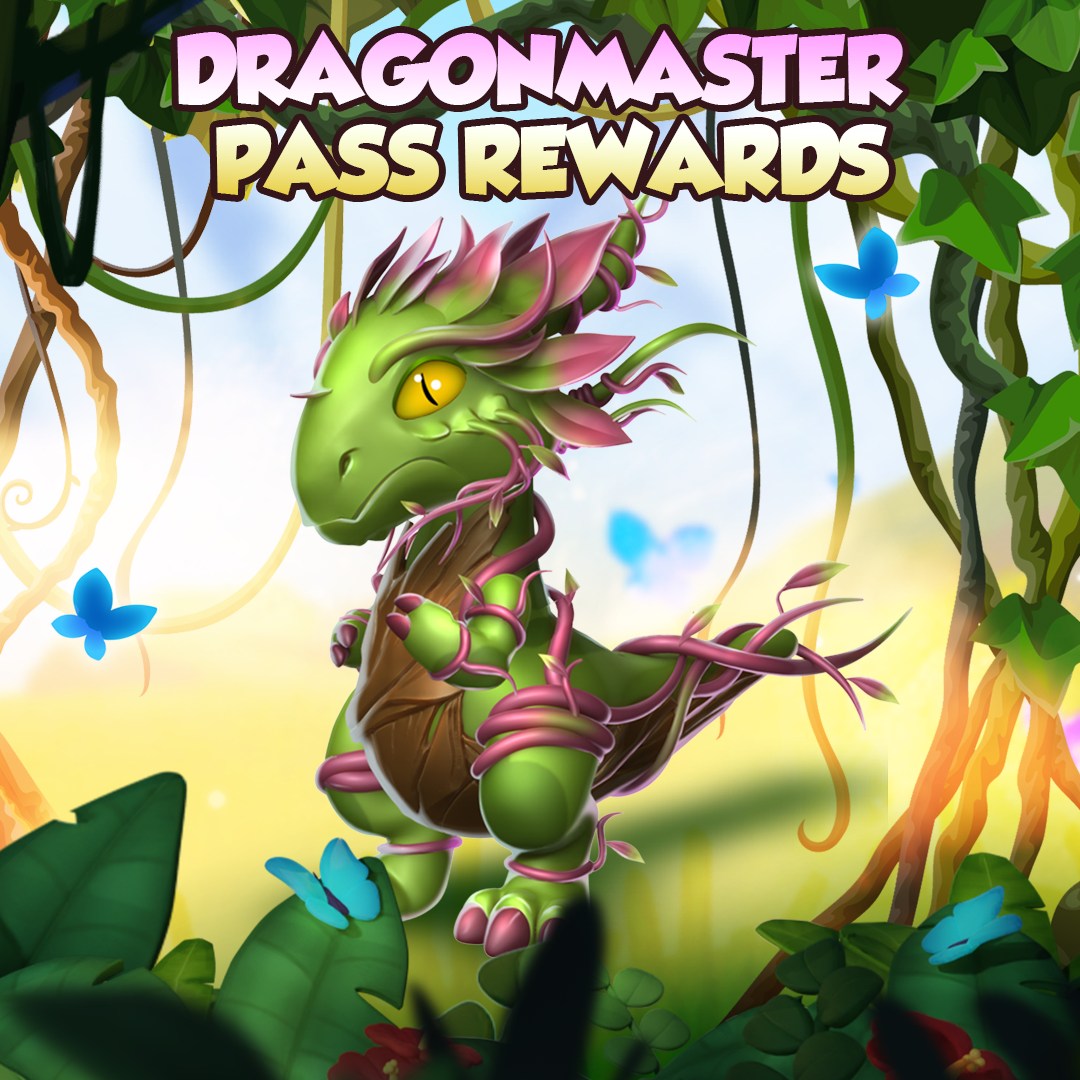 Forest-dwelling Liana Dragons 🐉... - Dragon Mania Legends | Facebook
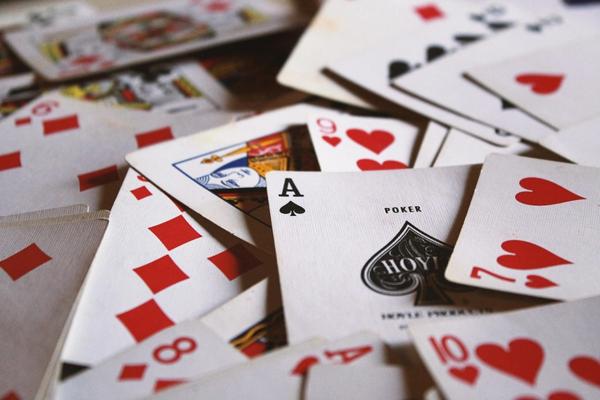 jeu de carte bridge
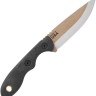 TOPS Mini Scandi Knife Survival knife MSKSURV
---
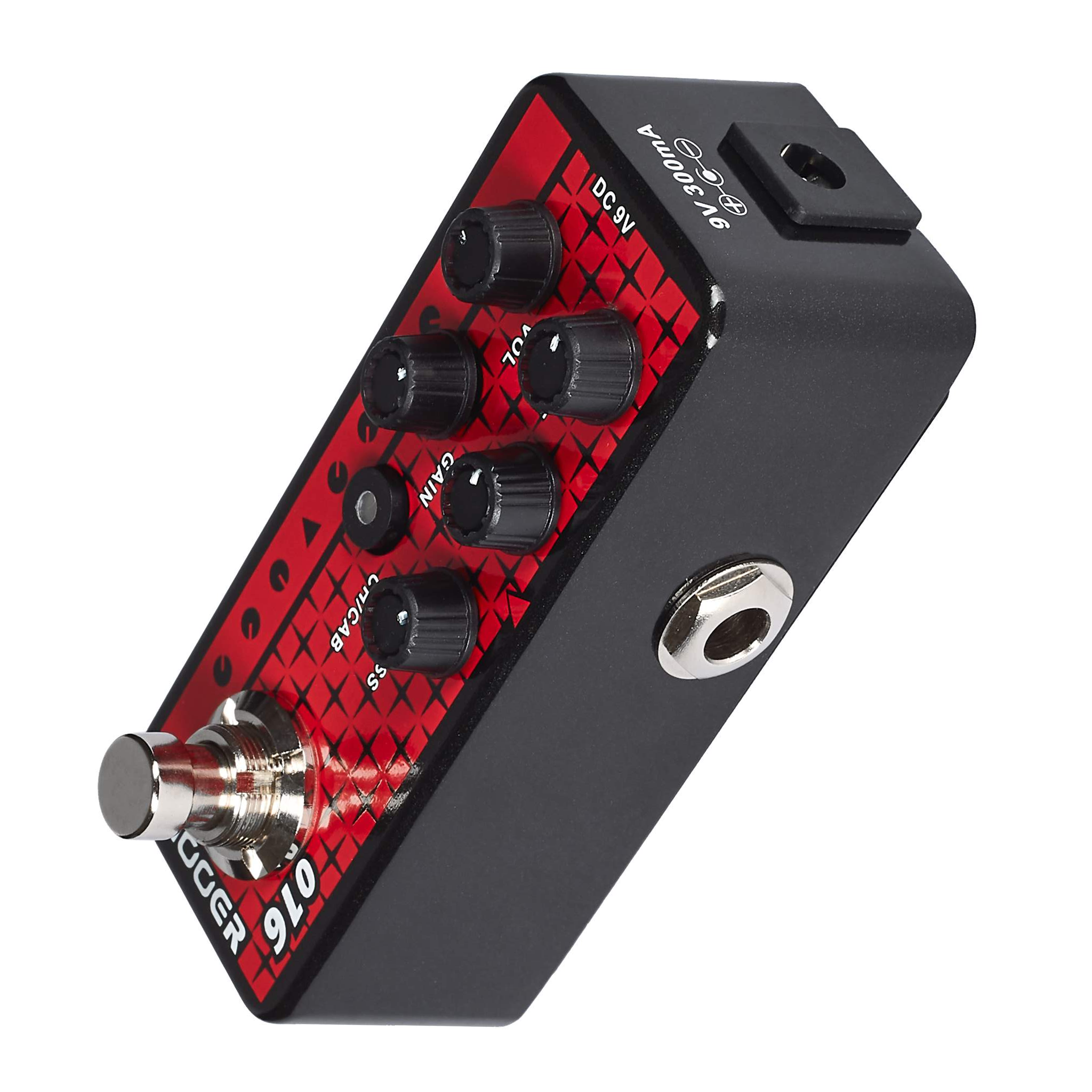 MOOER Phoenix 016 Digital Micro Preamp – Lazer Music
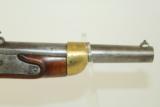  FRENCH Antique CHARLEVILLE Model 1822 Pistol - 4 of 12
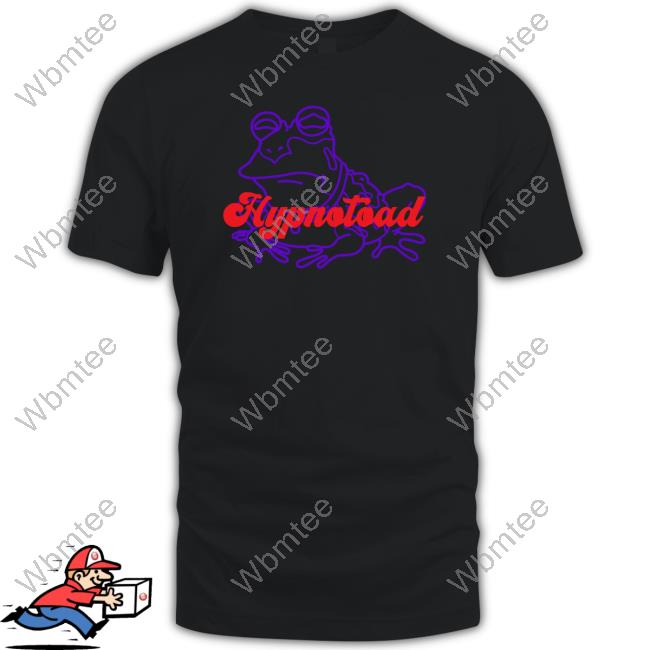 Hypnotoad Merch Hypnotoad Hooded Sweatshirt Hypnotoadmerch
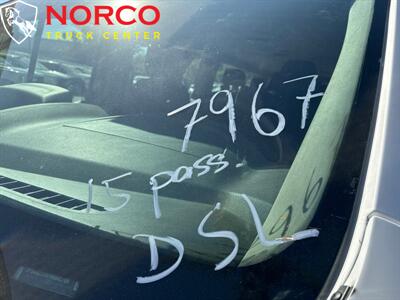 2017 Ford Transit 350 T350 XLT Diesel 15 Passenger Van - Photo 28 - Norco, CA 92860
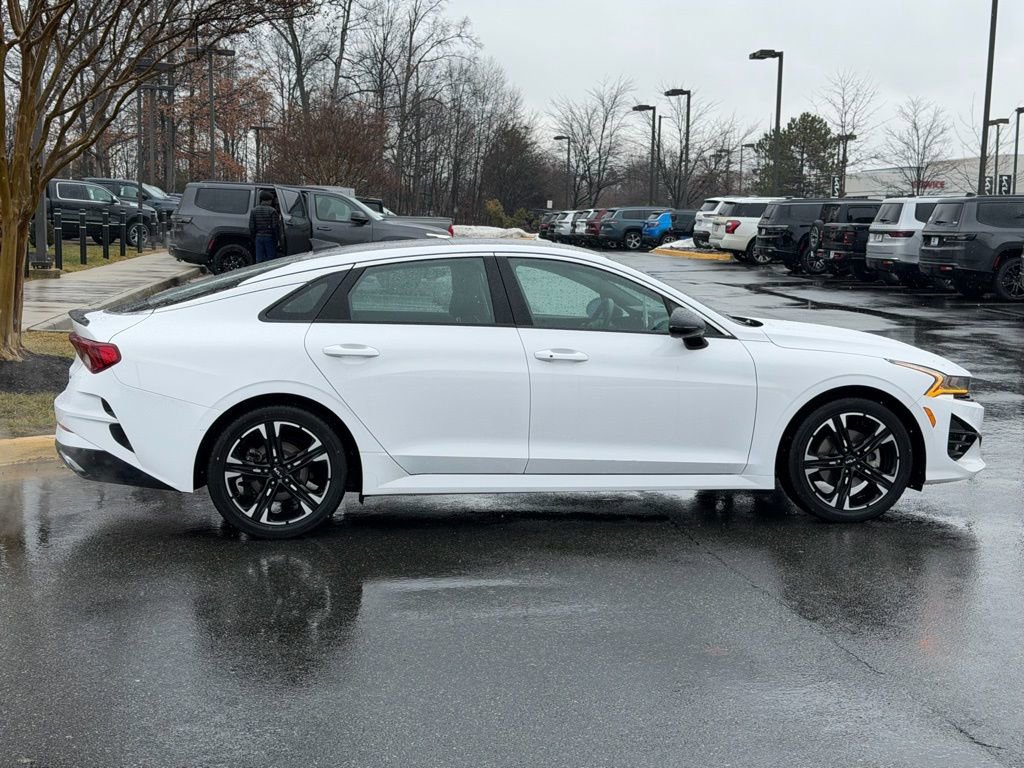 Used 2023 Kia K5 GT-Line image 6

**What is being asked**:
Working from the entries above, please transcribe only the lines from the line with "Forest-dwelling Liana Dragons" through the line with "TOPS Mini Scandi", exactly, with both end lines and without pictures.

**Worked solution**:
 Forest-dwelling Liana Dragons 🐉... - Dragon Mania Legends | Facebook
 jeu de carte bridge
 TOPS Mini Scandi Knife Survival knife MSKSURV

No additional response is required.